İran'da Kürt ve Azeri nüfusun yoğun olduğu batı eyaletlerinde 21-22 Kasım'da kolluk güçleri göstericilere karşı gerçek mermi ve gaz bombası kullandı (Twitter/@iranintl_en)
İran'da Kürt ve Azeri nüfusun yoğun olduğu batı eyaletlerinde 21-22 Kasım'da kolluk güçleri göstericilere karşı gerçek mermi ve gaz bombası kullandı (Twitter/@iranintl_en)

İran polisinin ve İslam Devrimi Muhafızları'nın Batı Azerbaycan Eyaleti'ndeki Piranşehr ve Kirmanşah Eyaleti'ndeki Cevanrud kentlerinde 20-21 Kasım'daki rejim karşıtı gösterileri dağıtmak için yeşil kimyasal madde içeren gaz bombaları kullandığı öne sürülüyor. 
Sosyal medyada yayılan video kayıtlarında, taş atan göstericilerin yeşil gazdan uzaklaşmaya çalıştığı görülüyor. Twitter'da fotoğrafları paylaşılan kapsüllerinin üzerinde İngilizce "tahriş edici" yazıyor.
İran-Irak Savaşı'nda (1980-1988) Batı Azerbaycan Eyaleti'nin sınır ilçesi Serdeşt ve civarında Irak ordusunun hardal gazı gibi kimyasal silahlarla yaklaşık 130 kişiyi öldürüp binlerce kişiyi yaralaması nedeniyle bölge halkı paniğe kapıldı.
Uzmanlara göre, kitlesel ölüm meydana gelmediğinden, İranlı kolluk güçlerinin kullandığı maddeler hekzakloroetan veya adamsit olabilir. İlkini genellikle ordular sis bombası olarak kullanırken, kusmaya ve göz-burun akıntısına sebep olan ikincisi toplumsal olayların bastırılmasında kullanılabiliyor.
İran'daki rejim karşıtı gösterilerden haberler veren Londra merkezli haber kuruluşu Iran International'a konuşan Dr. Muhammed Kazım Ettari, sarin gibi sinir gazlarının aksine, hekzakloroetan maddesinin kalıcı hasar bırakmayacağını söyledi:
Korku saçan rengi nedeniyle genelde sokak olaylarında kullanılır. Sinir gazı diye tanımlanır ama savaşlarda kullanılan sinir gazları kadar tehlikeli değildir.
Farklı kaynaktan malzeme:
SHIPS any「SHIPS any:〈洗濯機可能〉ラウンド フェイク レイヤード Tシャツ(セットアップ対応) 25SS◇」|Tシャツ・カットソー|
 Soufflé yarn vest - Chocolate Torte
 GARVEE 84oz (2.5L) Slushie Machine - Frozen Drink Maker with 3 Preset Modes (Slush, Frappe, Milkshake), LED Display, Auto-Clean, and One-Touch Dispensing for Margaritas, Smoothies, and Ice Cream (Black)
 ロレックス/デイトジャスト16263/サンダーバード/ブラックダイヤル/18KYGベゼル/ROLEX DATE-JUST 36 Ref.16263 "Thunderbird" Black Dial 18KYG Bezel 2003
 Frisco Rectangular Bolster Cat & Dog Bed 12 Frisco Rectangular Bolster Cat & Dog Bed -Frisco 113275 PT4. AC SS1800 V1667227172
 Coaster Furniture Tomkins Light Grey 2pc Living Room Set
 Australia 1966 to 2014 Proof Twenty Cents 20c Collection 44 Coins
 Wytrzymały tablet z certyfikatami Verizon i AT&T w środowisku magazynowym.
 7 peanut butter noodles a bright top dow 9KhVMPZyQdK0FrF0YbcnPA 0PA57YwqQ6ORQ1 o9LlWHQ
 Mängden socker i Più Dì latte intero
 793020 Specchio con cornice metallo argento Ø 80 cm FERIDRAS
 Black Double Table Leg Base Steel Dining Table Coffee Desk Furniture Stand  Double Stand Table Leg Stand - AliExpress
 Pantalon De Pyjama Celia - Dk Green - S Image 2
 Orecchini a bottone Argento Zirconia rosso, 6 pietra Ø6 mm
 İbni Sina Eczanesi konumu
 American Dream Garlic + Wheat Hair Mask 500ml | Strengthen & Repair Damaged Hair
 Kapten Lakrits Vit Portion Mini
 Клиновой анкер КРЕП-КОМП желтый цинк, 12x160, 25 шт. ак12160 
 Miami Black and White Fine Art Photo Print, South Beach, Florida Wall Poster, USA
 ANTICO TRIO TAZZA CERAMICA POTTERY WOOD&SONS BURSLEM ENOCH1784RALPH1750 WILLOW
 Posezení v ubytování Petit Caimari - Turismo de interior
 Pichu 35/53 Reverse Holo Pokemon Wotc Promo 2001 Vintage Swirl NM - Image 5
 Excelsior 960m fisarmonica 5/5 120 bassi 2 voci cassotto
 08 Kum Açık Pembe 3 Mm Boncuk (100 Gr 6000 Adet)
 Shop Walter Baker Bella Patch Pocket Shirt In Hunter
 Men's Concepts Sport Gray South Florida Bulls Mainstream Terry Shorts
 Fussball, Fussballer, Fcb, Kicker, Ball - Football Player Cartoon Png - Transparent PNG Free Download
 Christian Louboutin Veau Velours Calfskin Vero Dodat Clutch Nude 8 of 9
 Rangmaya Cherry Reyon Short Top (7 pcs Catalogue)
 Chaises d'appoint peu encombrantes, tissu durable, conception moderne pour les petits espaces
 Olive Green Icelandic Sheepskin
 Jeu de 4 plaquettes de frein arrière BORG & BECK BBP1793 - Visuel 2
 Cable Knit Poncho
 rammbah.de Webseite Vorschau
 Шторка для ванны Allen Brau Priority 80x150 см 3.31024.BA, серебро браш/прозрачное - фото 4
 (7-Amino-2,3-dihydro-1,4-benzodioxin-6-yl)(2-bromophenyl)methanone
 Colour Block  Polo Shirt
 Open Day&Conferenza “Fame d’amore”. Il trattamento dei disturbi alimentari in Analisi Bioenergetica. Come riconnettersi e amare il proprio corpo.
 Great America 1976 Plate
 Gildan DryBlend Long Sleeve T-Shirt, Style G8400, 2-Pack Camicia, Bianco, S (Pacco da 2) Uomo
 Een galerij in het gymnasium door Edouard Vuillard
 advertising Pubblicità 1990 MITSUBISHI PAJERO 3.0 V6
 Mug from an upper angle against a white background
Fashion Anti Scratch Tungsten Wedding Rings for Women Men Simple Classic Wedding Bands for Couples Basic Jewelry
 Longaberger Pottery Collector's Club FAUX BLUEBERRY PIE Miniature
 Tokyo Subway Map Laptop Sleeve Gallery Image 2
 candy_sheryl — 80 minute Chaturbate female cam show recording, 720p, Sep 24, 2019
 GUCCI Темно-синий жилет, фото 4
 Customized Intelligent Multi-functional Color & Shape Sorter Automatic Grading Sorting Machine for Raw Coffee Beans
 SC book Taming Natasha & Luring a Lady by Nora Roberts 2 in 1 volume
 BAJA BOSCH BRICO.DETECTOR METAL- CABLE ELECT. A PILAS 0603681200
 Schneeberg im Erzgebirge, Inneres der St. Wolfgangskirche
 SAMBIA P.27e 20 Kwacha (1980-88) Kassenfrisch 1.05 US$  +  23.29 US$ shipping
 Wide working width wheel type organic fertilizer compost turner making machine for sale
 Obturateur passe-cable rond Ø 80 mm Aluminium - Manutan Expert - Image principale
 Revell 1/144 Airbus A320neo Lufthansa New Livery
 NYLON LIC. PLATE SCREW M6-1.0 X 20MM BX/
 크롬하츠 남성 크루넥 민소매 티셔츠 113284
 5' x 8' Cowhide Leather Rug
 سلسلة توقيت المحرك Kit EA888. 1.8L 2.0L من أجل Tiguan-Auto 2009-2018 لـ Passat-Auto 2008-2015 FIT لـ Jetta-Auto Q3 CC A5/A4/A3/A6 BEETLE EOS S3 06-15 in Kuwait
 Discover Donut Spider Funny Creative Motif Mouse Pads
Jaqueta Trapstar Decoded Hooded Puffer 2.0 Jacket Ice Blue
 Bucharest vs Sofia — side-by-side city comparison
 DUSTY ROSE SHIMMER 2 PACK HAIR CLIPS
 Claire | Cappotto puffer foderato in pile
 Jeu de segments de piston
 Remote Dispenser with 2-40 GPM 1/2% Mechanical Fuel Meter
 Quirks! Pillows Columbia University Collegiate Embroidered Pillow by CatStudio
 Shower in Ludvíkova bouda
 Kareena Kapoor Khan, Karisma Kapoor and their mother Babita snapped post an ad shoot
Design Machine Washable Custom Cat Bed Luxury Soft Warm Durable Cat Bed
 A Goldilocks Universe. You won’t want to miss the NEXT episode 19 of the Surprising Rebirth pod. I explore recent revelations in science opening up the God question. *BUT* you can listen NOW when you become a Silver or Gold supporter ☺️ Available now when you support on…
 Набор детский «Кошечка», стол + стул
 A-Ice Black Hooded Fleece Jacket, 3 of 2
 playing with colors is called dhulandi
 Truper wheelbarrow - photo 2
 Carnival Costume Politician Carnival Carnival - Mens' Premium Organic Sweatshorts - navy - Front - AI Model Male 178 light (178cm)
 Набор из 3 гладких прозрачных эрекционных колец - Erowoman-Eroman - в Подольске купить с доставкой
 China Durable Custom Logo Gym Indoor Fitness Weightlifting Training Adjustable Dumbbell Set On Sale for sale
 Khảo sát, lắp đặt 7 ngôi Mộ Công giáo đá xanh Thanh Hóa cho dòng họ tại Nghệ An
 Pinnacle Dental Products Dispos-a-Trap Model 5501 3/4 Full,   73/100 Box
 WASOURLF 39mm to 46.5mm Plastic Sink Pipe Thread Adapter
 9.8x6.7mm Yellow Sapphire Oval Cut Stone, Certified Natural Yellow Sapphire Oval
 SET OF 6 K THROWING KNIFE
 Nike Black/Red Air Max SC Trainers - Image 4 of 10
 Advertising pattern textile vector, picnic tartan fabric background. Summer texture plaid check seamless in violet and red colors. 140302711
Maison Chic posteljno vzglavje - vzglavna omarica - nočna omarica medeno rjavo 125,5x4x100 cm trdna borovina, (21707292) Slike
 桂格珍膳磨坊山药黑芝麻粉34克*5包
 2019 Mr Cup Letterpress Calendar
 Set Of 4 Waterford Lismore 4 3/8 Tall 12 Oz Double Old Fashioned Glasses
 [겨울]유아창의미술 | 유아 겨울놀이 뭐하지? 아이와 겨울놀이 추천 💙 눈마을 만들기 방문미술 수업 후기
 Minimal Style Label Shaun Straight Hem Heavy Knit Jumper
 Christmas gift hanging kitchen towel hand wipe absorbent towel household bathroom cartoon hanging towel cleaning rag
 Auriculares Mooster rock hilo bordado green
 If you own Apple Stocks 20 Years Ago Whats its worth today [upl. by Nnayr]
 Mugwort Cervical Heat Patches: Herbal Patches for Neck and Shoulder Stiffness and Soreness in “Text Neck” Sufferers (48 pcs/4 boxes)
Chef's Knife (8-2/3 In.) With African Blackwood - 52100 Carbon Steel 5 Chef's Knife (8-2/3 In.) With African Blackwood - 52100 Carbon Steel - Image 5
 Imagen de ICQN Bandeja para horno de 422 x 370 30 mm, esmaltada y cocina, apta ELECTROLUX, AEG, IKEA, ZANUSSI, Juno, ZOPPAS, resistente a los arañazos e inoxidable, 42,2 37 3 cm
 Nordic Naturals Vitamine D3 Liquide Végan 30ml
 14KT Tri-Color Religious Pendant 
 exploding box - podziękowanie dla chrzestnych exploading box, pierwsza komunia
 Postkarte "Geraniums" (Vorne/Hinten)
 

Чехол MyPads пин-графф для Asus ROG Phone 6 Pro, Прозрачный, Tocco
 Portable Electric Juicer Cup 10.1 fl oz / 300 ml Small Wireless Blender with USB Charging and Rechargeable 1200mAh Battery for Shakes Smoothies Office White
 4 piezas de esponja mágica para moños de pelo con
ABD'de yaşayan tıp uzmanı, bu gazlara yoğun miktarda maruz kalmanın kanserojen etki oluşturabileceğini de söyledi.
Birleşmiş Milletler Kimyasal Silahlar Sözleşmesi'ne göre savaşlarda kullanılması yasak olan bu tür gaz bombaları dünyanın birçok ülkesinde kolluk güçleri tarafında toplumsal olaylarda kullanılıyor.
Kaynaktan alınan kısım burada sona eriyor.